1529. Paragraph 386(1)(b) provides that a person has been dismissed if they resigned from their employment but were forced to do so because of conduct, or a course of conduct, engaged in by their employer. Conduct includes both an act and a failure to act (see the definition in clause 12).
1530. Paragraph 386(1)(b) is intended to reflect the common law concept of constructive dismissal, and allow for a finding that an employee was dismissed in the following situations:
● where the employee is effectively instructed to resign by the employer in the face of a threatened or impending dismissal; or
● where the employee quits their job in response to conduct by the employer which gives them no reasonable choice but to resign.”
 It seems clear from the above that the concept of constructive dismissal is to be accommodated by s.386(1)(b) and that concept is not subsumed in s.386(1)(a).

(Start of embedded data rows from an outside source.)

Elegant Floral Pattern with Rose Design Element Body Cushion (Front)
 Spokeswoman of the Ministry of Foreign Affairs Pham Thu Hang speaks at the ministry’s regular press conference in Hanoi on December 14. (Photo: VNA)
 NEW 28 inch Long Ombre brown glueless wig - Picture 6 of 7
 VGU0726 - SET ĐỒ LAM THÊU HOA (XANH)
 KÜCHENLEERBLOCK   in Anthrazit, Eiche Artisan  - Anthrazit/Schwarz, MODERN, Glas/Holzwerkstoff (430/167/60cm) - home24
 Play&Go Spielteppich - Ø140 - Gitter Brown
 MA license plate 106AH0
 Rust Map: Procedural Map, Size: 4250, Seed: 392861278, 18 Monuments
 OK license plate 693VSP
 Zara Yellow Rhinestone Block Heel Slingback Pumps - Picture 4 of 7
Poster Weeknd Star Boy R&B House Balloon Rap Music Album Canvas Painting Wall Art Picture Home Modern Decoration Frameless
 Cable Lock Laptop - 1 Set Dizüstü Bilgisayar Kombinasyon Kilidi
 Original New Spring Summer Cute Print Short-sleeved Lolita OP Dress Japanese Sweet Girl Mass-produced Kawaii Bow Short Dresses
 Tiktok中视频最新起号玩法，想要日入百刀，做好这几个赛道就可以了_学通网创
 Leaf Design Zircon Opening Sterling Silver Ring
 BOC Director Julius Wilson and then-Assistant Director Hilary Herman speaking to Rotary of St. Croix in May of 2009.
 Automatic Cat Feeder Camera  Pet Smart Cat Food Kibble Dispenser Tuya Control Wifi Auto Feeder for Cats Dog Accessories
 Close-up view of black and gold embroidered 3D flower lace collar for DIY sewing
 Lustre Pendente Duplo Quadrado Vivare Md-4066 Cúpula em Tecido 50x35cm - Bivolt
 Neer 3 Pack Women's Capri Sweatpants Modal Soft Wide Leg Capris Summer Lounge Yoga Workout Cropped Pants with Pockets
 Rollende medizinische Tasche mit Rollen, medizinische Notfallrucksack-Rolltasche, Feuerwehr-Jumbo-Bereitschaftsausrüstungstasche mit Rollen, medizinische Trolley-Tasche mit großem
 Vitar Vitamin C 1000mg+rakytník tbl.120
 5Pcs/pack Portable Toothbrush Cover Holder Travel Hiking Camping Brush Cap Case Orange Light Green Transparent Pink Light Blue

 Section 386(1)(a) seems plainly to be intended to capture the case law determining the meaning of termination (of the employment relationship) at the initiative of the employer. In Mohazab the Court considered that the expression “termination at the initiative of the employer” was:
“. . . a reference to a termination that is brought about by an employer and which is not agreed to by the employee. Consistent with the ordinary meaning of the expression in the Convention, a termination of employment at the initiative of the employer may be treated as a termination in which the action of the employer is the principal contributing factor which leads to the termination of the employment relationship. We proceed on the basis that the termination of the employment relationship is what is comprehended by the expression ‘‘termination of employment.’’ 6
 Importantly, in Mohazab the Court did not decide that the termination of employment in that case was at the initiative of the employer because there had been a constructive dismissal. Indeed, the Court expressly observed that it was “. . . unnecessary to consider whether the facts fall within or without the notion of constructive dismissal.” 7
 As s.386(1)(b) is intended to capture or reflect the common law concept of constructive dismissal and as the Commissioner concluded that “the applicant was constructively dismissed” because she had accepted the Appellant’s repudiation of the contract of employment and thereby brought the contract and the employment under it to an end, 8 we consider that when read in its entirety the Commissioner concluded that the Respondent had been dismissed within the meaning of s.386(1)(b) of the Act.
 We turn now to consider the Commissioner’s analysis and the question of repudiation. The Respondent’s submissions did not grapple with this issue. In essence, the Respondent maintained that she did not resign but that the Respondent “ended my employment by telling myself that the club was not offering myself any shifts at the club”. 9 The Respondent is therefore putting that her employment was terminated at the initiative of the Appellant. This is not unimportant and because of the basis on which the Commissioner decided the issue of whether there had been a dismissal, limited as it was to constructive dismissal, the question whether there was otherwise a termination of the Respondent’s employment at the Appellant’s initiative was neither considered nor decided.
 So far as is presently relevant, the Appellant contended that there was no repudiation by it of the contract of employment and consequently the Commissioner erred in concluding to the contrary and in concluding that the Respondent had been constructively dismissed. 10 As will be apparent from our discussion below, we agree.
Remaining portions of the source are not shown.